Weshalb fördern?

WIR WERDEN DRINGEND GEBRAUCHT!

Gute Museumsarbeit erfordert einen hohen finanziellen, personellen und auch zeitlichen Aufwand.wshlb
Die Stiftung Spiel als Trägerin des Spielmuseums verfügt nicht, wie bei anderen Stiftungen üblich, über einen fest angelegten Geldbetrag, aus dessen Erträgen sich der Unterhalt finanzieren lässt.
Stattdessen bildet die Sammlung das Stiftungsvermögen. Sie hat zwar einen beträchtlichen Wert, kann aber natürlich nicht veräußert werden wenn Geld gebraucht wird, denn damit würde wertvolles Kulturgut verloren gehen und der Auftrag des Museums ad absurdum geführt werden.

Um seinen Betrieb zu sichern, bekommt das Museum stattdessen vertraglich geregelte Zuwendungen der Stadt Soltau. Ohne sie könnte das Spielmuseum gar nicht existieren. Mehr als die Hälfte ihres Etats soll und muss die Stiftung Spiel aber auf andere Weise aufbringen. Und die städtische Unterstützung gibt es nicht umsonst, sondern gegen klar definierte Gegenleistungen, welche wichtige Ziele der Kommune aufgreifen: Das Museum ist jeden Tag geöffnet. Es soll Menschen in die Innenstadt locken, die extra wegen des Museums hierher kommen. Der Bildungsauftrag wird in besonderer Weise dadurch gefördert, dass Soltauer Schulklassen und Kindergartengruppen keinen Eintritt zahlen. Und Familien werden durch spezielle Rabatte unterstützt.

Darüber hinaus engagiert sich das Museum auch aus eigenem Antrieb heraus an Schulen und Kindergärten, initiiert Projekte mit sozial benachteiligten Bevölkerungsgruppen und macht sich mit einem vielfältigen Angebot stark für die Jugend.

All das ist weder durch die Zuwendungen der Stadt, noch durch die bewusst günstig gehaltenen Eintrittspreise zu bewältigen.
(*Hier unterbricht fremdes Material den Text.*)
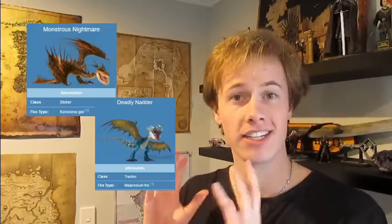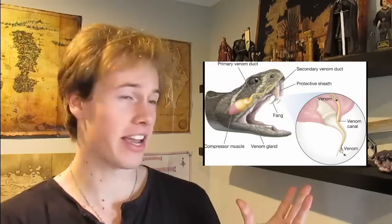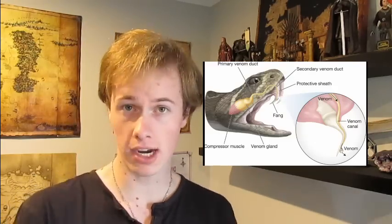But how does it work? We know that dragons in the Berkian world have fire that is based in a flammable liquid or gas — like kerosene gel for Monstrous Nightmares or some form of magnesium for Deadly Nadders. The prevailing theory is that they have some form of gland or sac in their throat or chest that stores that liquid or gas, kind of like venom glands in snakes, which are also reptiles. These glands open up and release that liquid or gas when they want to use their fire-breathing abilities.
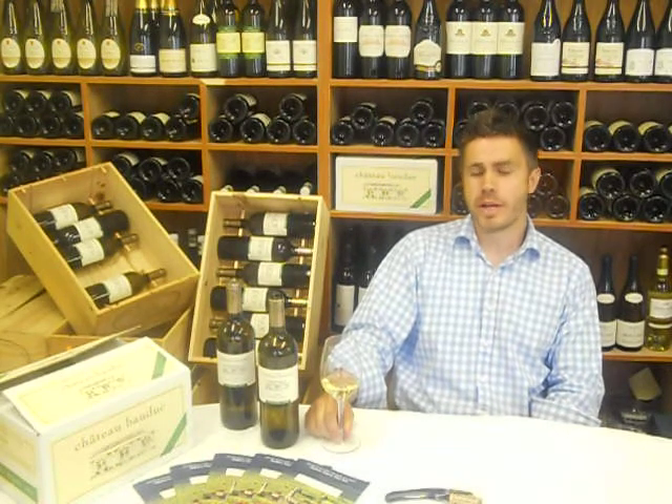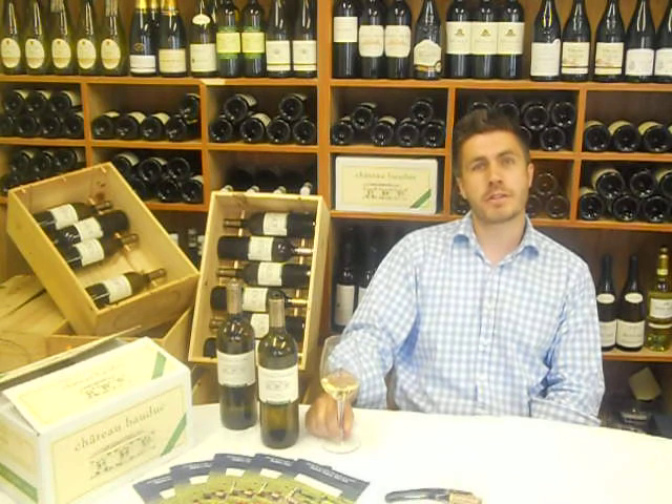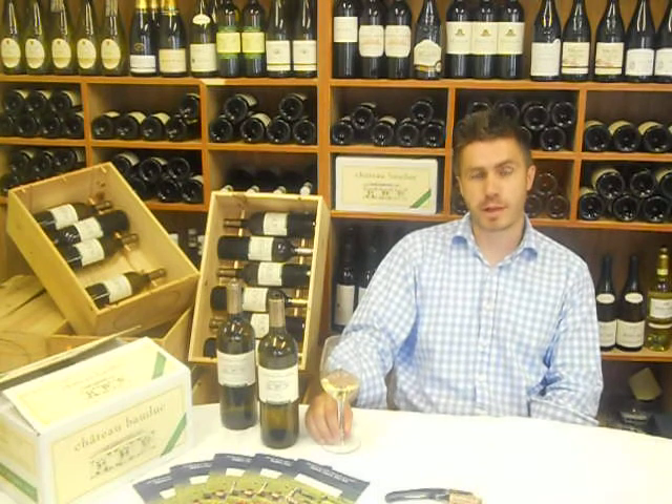Chateau Baudouc 2009. In the Entre-deux-Mers region of Bordeaux, it's a wonderful blend of Sauvignon and Sémillon. It's been the House White in Gordon Ramsay's restaurants for about 10 years and now finds itself on the tables of Rick Stein's restaurants as well. So it has quite a pedigree.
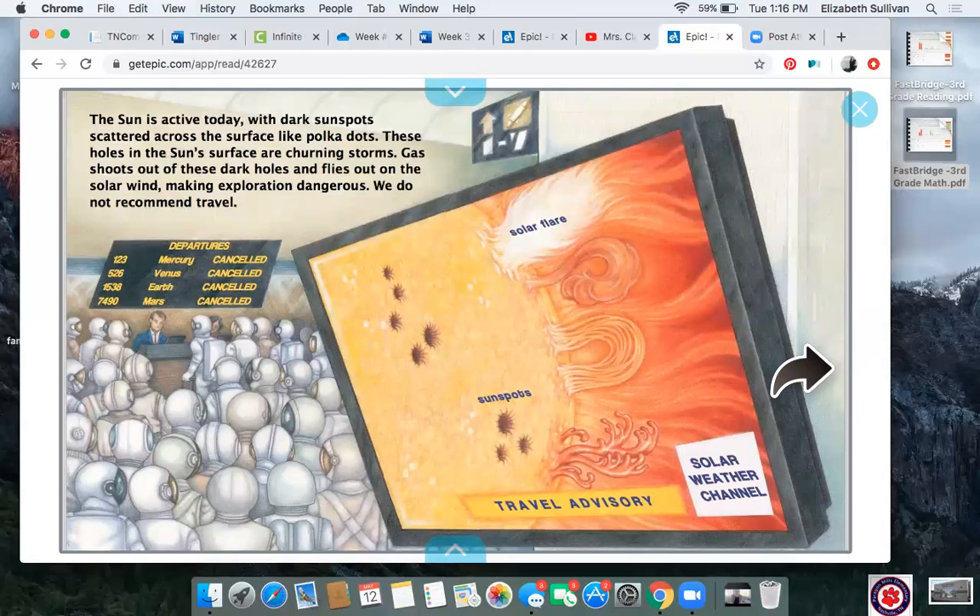The sun is active today with dark sunspots scattered across the surface like polka dots. Look at those sunspots in the picture — can you point to them? They look like polka dots. These holes in the sun's surface are churning or stirring storms. Gas shoots out of these dark holes and flies out on the solar wind, making exploration dangerous. We do not recommend travel. If I look at the picture, it looks a little bit frightening to me. Pause this video and tell someone what you think it would be like to visit the sun.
Nur durch die kontinuierliche Hilfe von Freunden und Förderern ist es möglich, die innovative kinder- und familienfreundliche Arbeit des Museums weiterzuführen. Wir als Museumsverein Spiel e.V. haben uns diesem Ziel verschrieben und sind stolz darauf, auf diese Weise einen Beitrag zum gesellschaftlichen Leben unserer Region zu leisten.